Saved entries
════════════════════
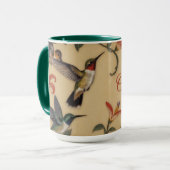 Art Nouveau Kolibrie Mok (Voorkant links)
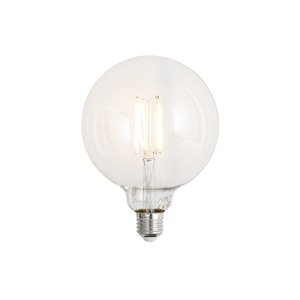 Inteligentné stmievateľné LED žiarovky E27 G125 číre 7W 806lm 2700-6500K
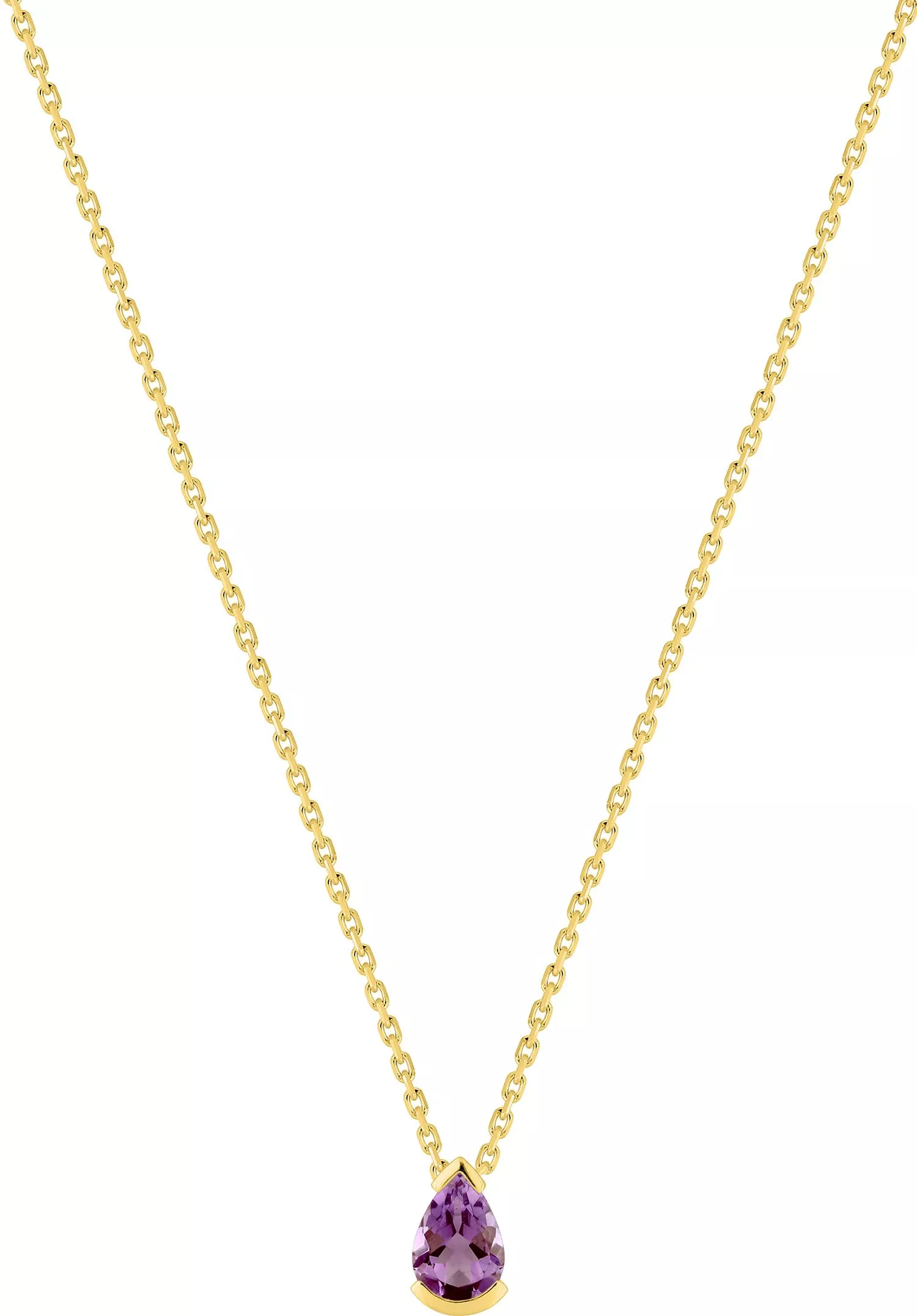 Collier Or Safiancara Améthyste - Collier en Or 750 18k - Bijoux en Vogue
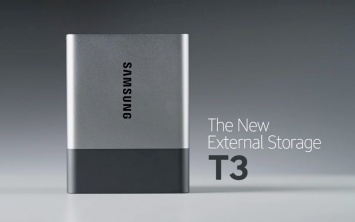 Samsung представила новый портативный SSD-накопитель Portable T3 с поддержкой USB-C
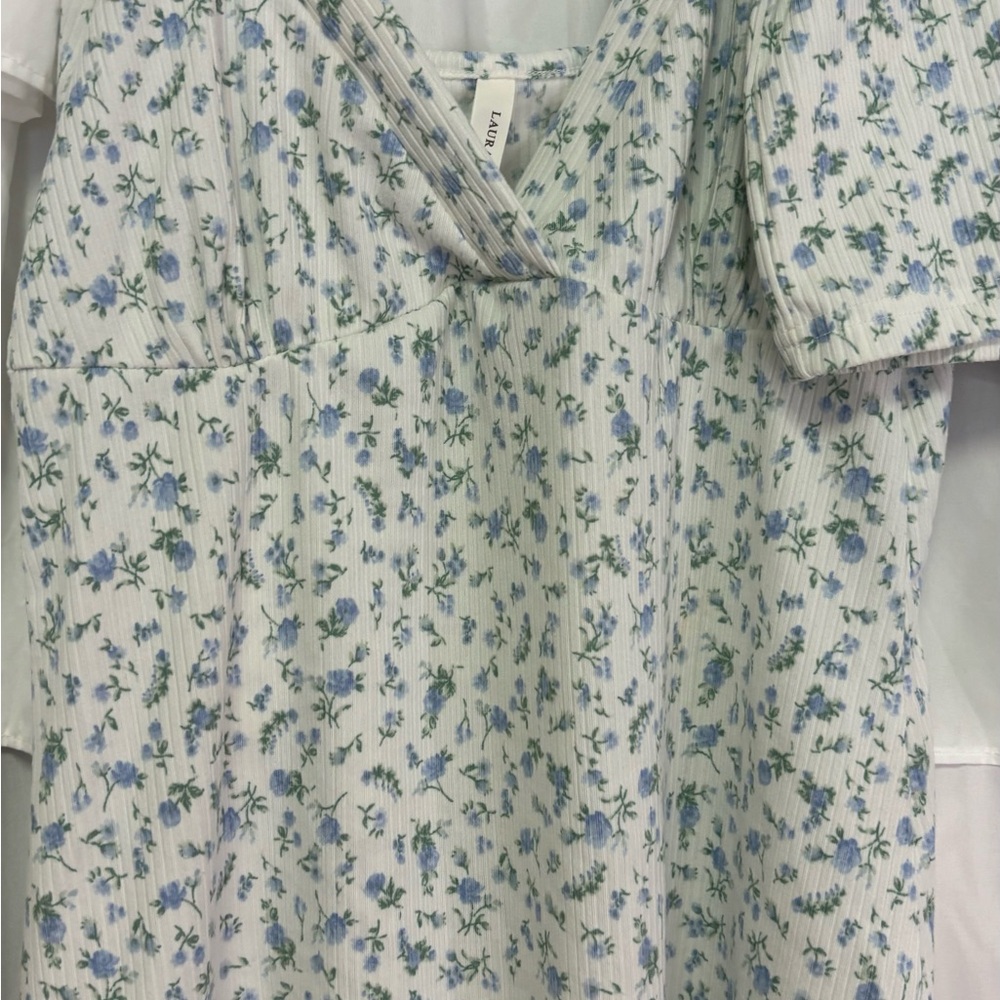 Laura Ashley floral preppy coquette pajamas set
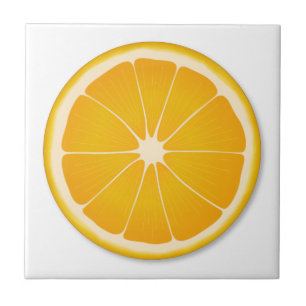 Carreau Cuisine et jardin de fruits d'agrumes d'orange dou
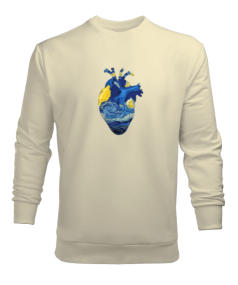 Vincent Van Gogh Heart Baskılı Erkek Sweatshirt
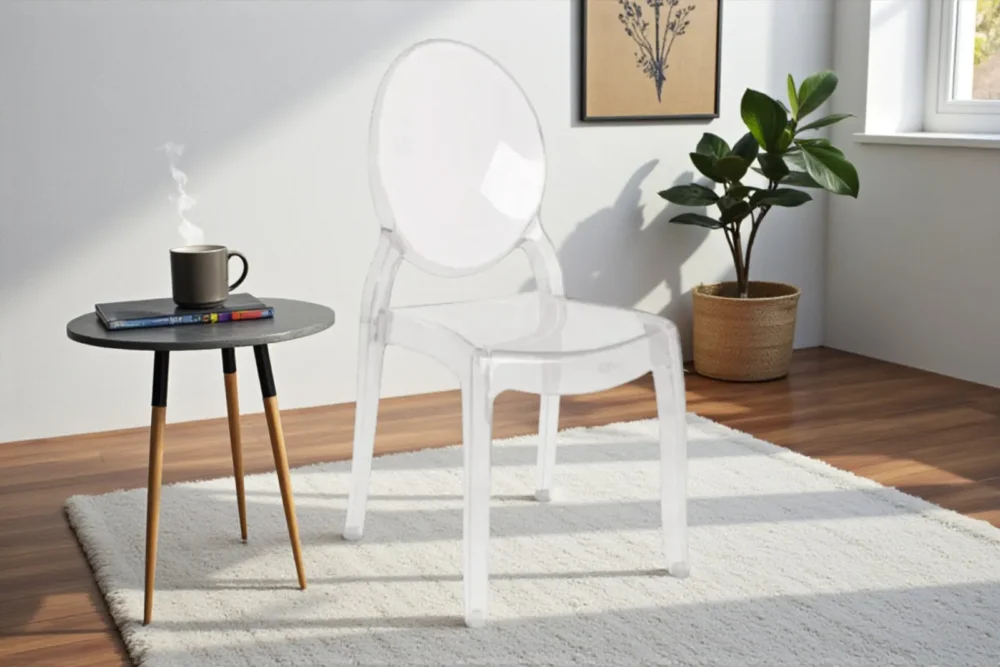 Sedie PP - Art. 695 – Sedia trasparente tonda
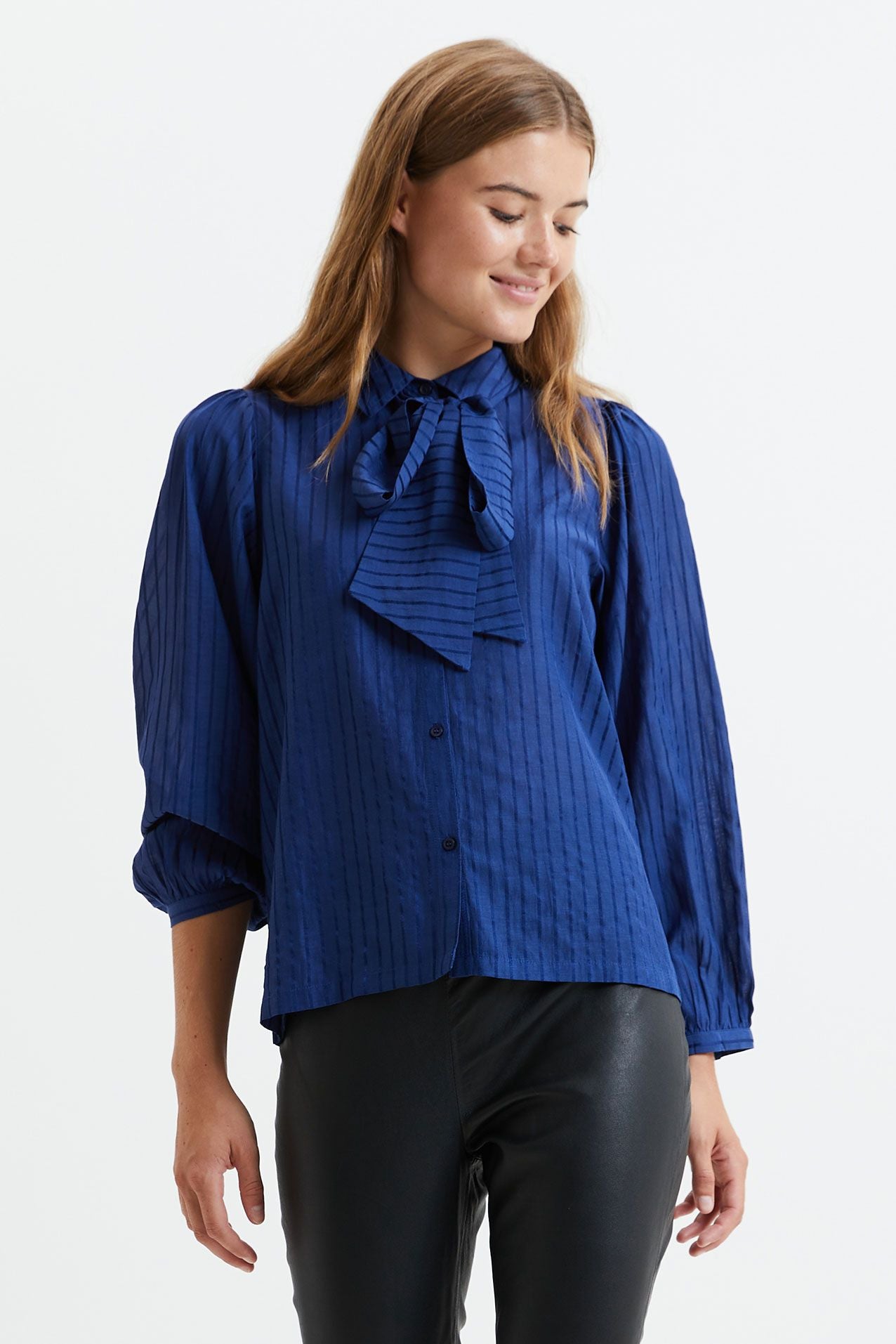Lollys Laundry Ellie Shirt - Dark Blue Stripe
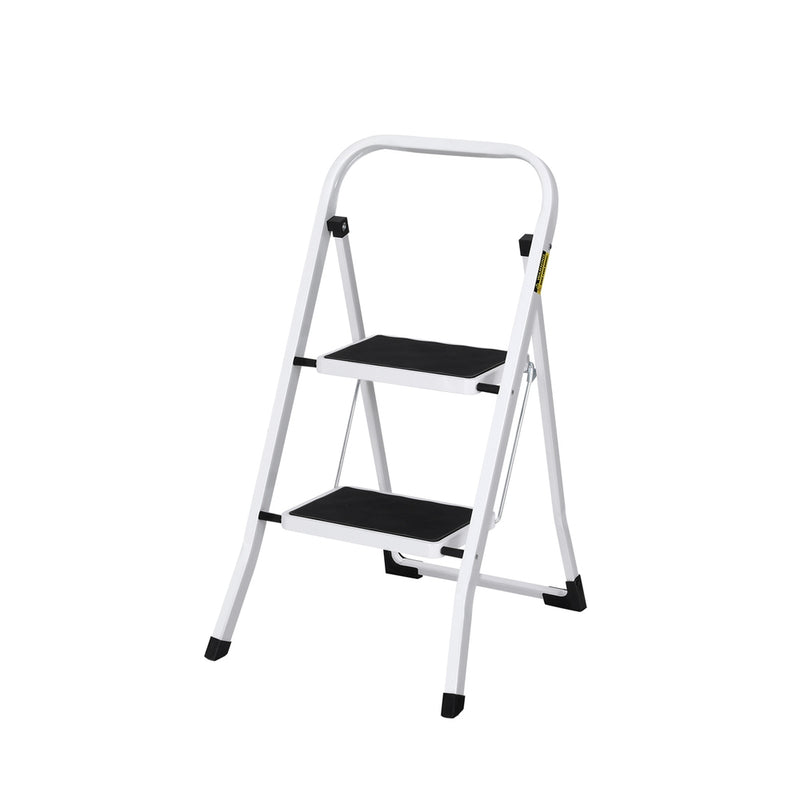 Giantz 2 Step Ladder Folding Steel Platform Lightweight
════════════════════
## TASK DETAILS
Write out the data above in full and exactly, but not the pictures.

## YOUR RESPONSE
 Art Nouveau Kolibrie Mok (Voorkant links)
 Inteligentné stmievateľné LED žiarovky E27 G125 číre 7W 806lm 2700-6500K
 Collier Or Safiancara Améthyste - Collier en Or 750 18k - Bijoux en Vogue
 Samsung представила новый портативный SSD-накопитель Portable T3 с поддержкой USB-C
 Laura Ashley floral preppy coquette pajamas set
 Carreau Cuisine et jardin de fruits d'agrumes d'orange dou
 Vincent Van Gogh Heart Baskılı Erkek Sweatshirt
 Sedie PP - Art. 695 – Sedia trasparente tonda
Lollys Laundry Ellie Shirt - Dark Blue Stripe
 Giantz 2 Step Ladder Folding Steel Platform Lightweight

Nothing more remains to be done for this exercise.